I'm off to Dorchester today to discuss the economy with the local Green Party. Here are my notes (in case I leave them behind by accident):
1. The amount of money in the world is increasing year on year. The growth in the global money supply has a doubling rate of 6-12 years.
It follows from this that:
(a) the system is unsustainable
( b) money is being created somewhere
2. Since the power of Government to create money is limited to coins and notes, about 3% of the total, it follows that private loan institutions (banks &c) put 97% of the new money into the system, creating the growth in the money supply.
3. They do this by making loans (creating debt) which must be paid back with interest, and using a fractional reserve system that allows them to lend to a multiple of the amount of capital that they actually hold.
4. Governments have granted lenders the ability to provide loans which are supported only by the confidence that
- not many of their borrowers will default at the same time
- not many of their creditors will want to withdraw their money at the same time
These are not safe assumptions, as the 2007-9 financial crisis caused by the “credit crunch” has demonstrated. The privatised, interest-bearing loan method of creating money leaves the economy open to periodic crashes, which cause poverty, inequity, social tension and carry with them the risk of war. At the same time, when the system is working, the lenders’ only constraint is their judgement as to the borrowers’ credibility. They have no thought as to the benefit or harm to society and environment that the loans to which the loans will be put.

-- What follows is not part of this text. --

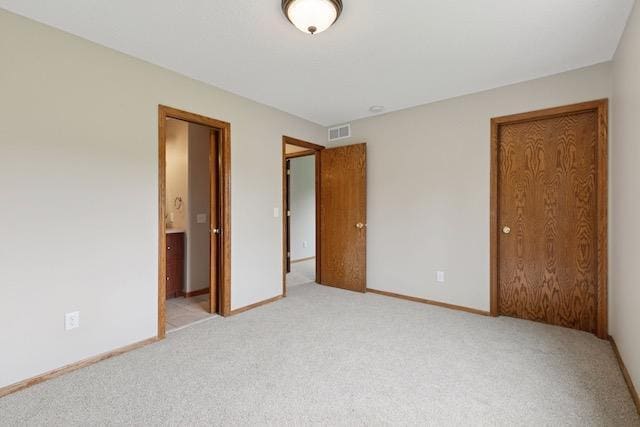 4552 131st St, Savage, MN 55378 - unfurnished bedroom with light carpet, a closet, and ensuite bathroom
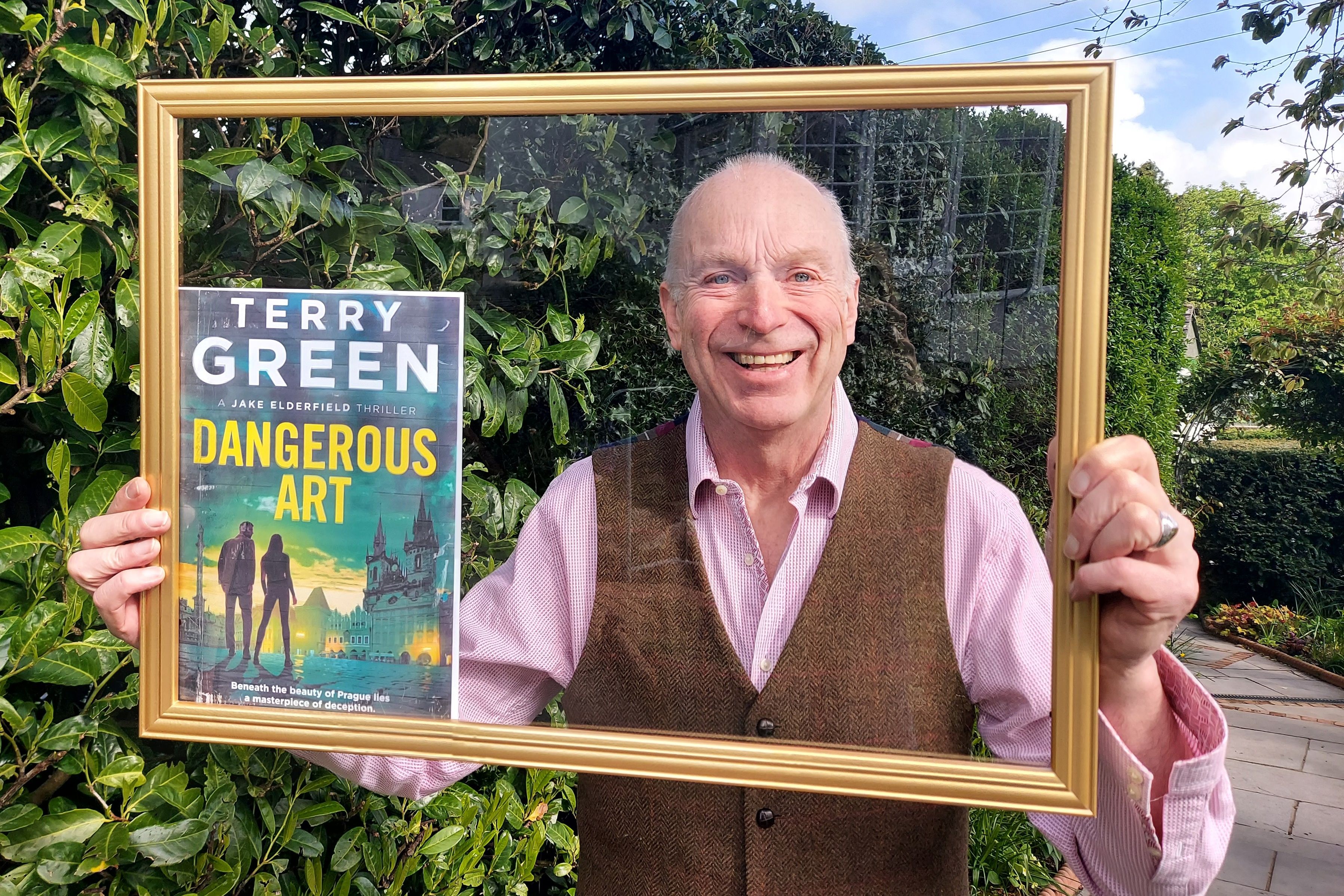 Smiling man holding a golden picture frame and a book titled 'Dangerous Art' by Terry Green in a garden.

5. The necessity of paying back loans and interest is one of the drivers of economic growth, since a business that has interest and loans to pay off must produce more goods than a business that has no such obligations.

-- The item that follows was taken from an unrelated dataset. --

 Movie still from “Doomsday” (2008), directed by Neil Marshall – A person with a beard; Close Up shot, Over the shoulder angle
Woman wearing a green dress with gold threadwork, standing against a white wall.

6. Economic growth is destroying the ecosphere.
7. Since all money is issued as debt, bearing compound interest, it is no wonder that the world is drownig in debt, at every level, from personal to international.
8. The derivatives have inflated this debt by “leveraging” – borrowing to buy in the hope of future profits. Minsky describes some derivatives as Ponzi schemes – pyramid selling. The total value of derivatives market is about 10x the world’s GDP. This is one reason that banks do not trust each other, and so will not lend.

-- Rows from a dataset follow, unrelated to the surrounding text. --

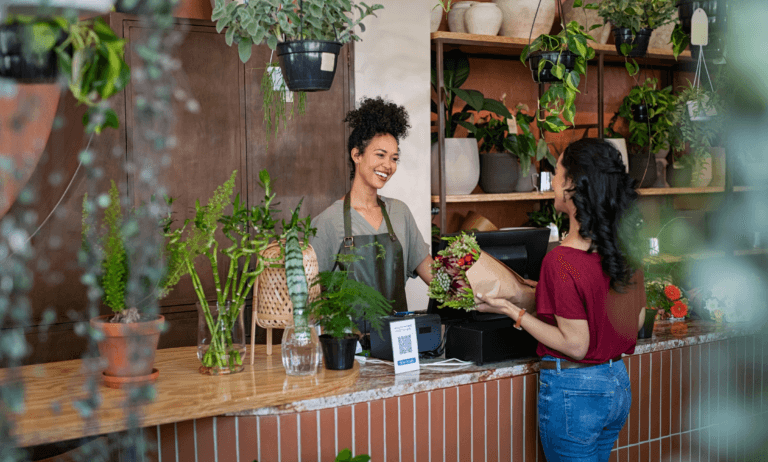 Small business worker assisting a customer.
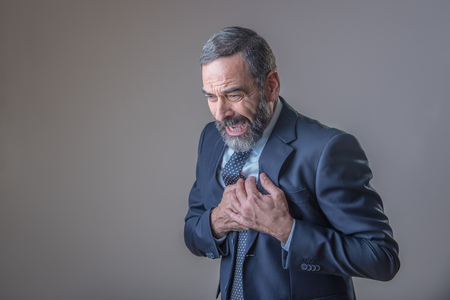 Senior business man experiencing strong chest pain or a heart-attackの写真素材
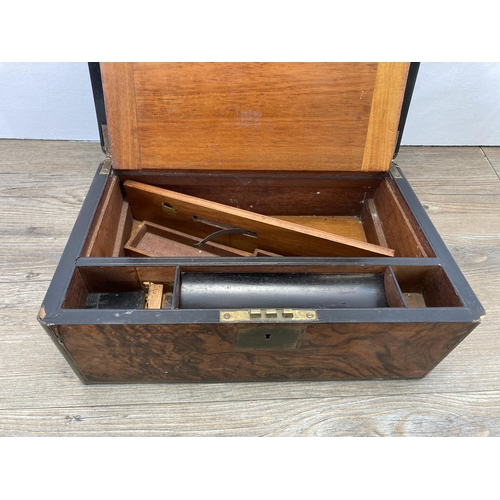 283 - A 19th century walnut writing slope with brass escutcheon and cartouche and black leather interior -... 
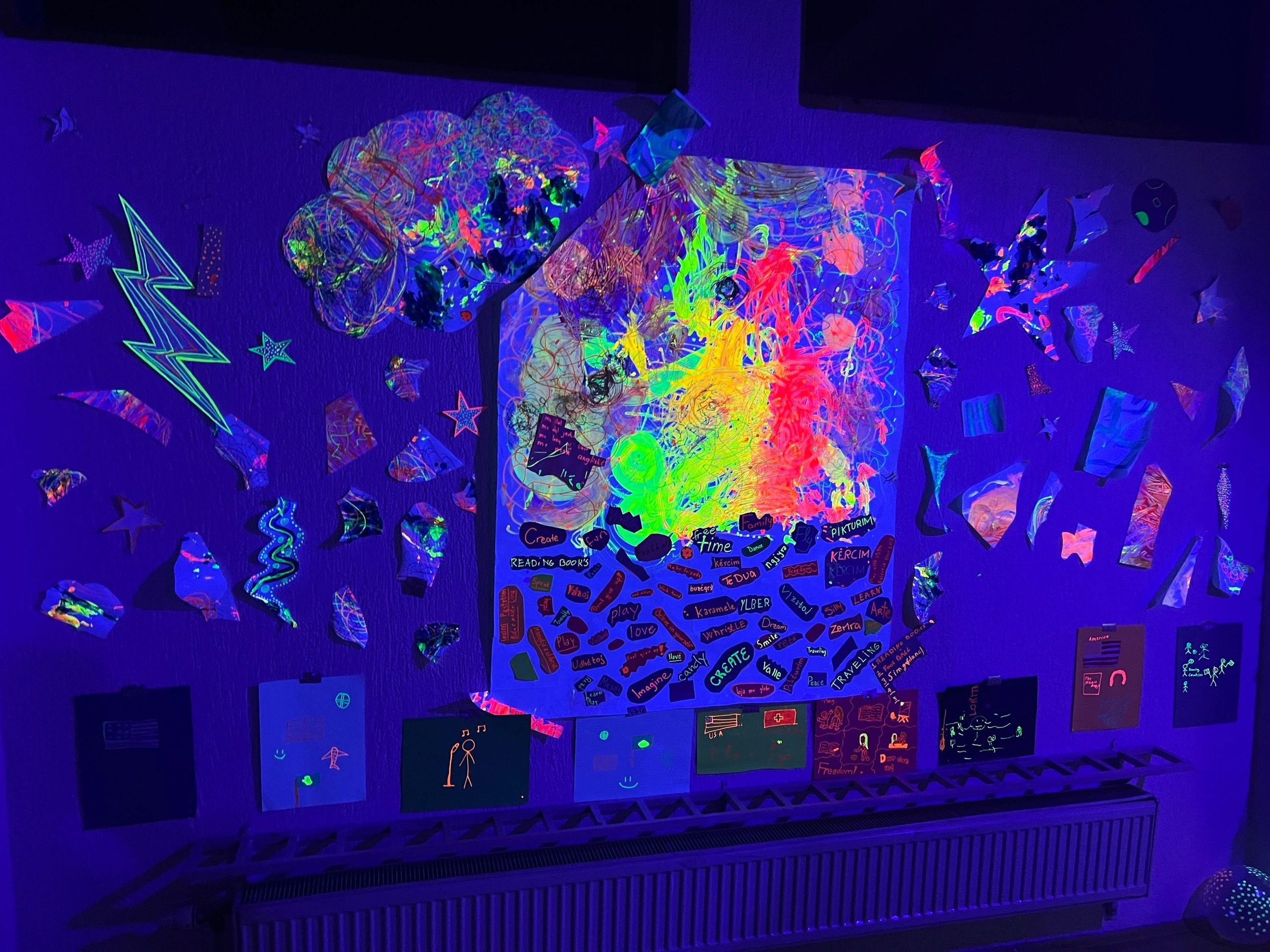Colorful artwork illuminated under black light, featuring a large abstract piece with bright neon colors, surrounded by paper cutouts of stars and shapes on a wall.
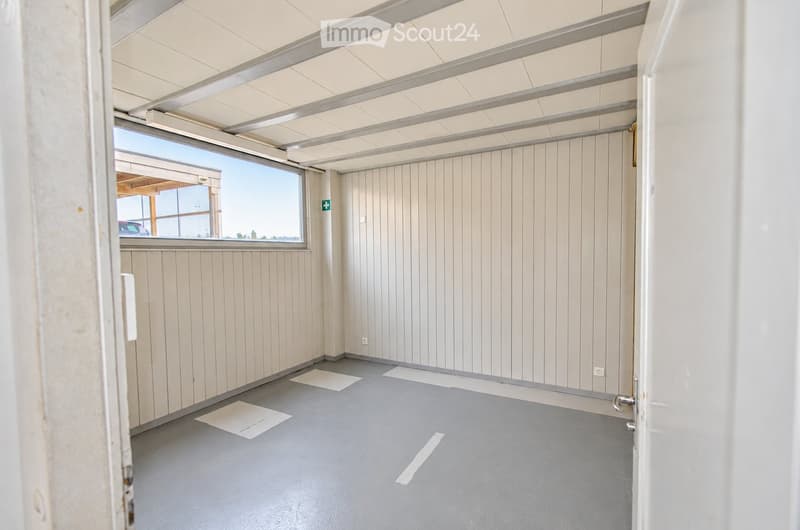 Empty room with light wood panel walls, grey floor, and large windows allowing natural light. No furniture or equipment present.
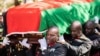 FILE - Pallbearers carry the coffin at the burial service for Malawi's Vice President Saulos Chilima in Nsipe, Malawi, June 17, 2024. 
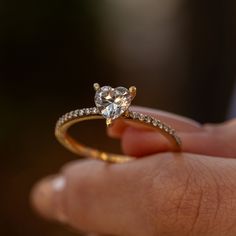 a close up of a person holding a ring with a diamond on the top and side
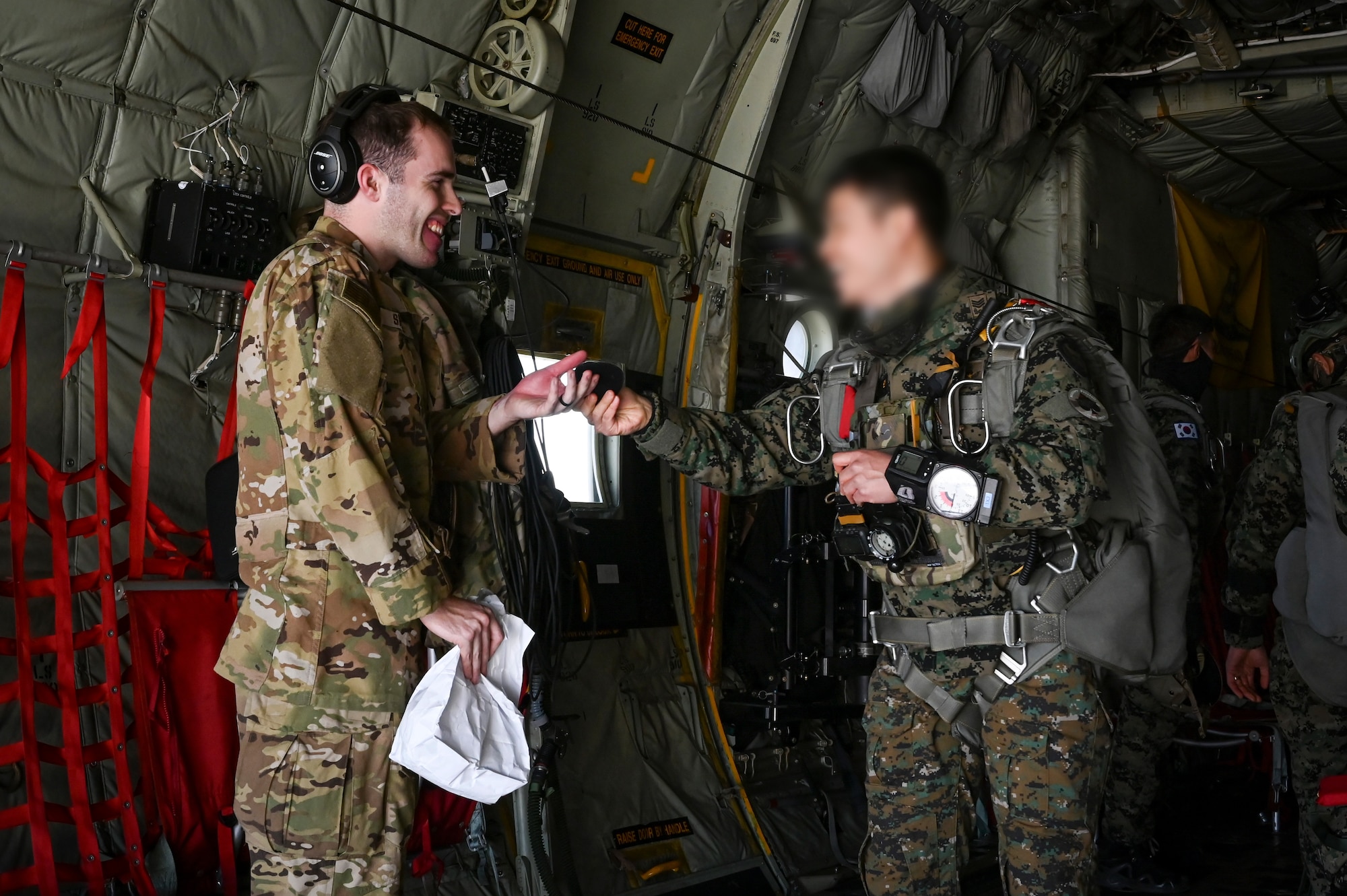 U.S. Air Force Senior Airman John Shobg, 36th Airlift Squadron C-130J Super Hercules loadmaster, exchange patches with a Republic of Korea Special Warfare Command Master Sergeant, prior to a high-altitude, high-opening proficiency jump training event for Freedom Flag 24-1 at Kunsan Air Base, Republic of Korea.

9. If the banks will not lend, there is not enough money in the economy, and we go into deflation. It is absurd for the Government to borrow money from the banking system it has just rescued at huge cost to the taxpayer. In this deflationary situation, it is open for the Government to issue new money for investment purposes, creating the needed money just as banks create it (as a multiple of its reserves). This can be issued to renewable energy projects as low interest loans, zero interest loans, or grants.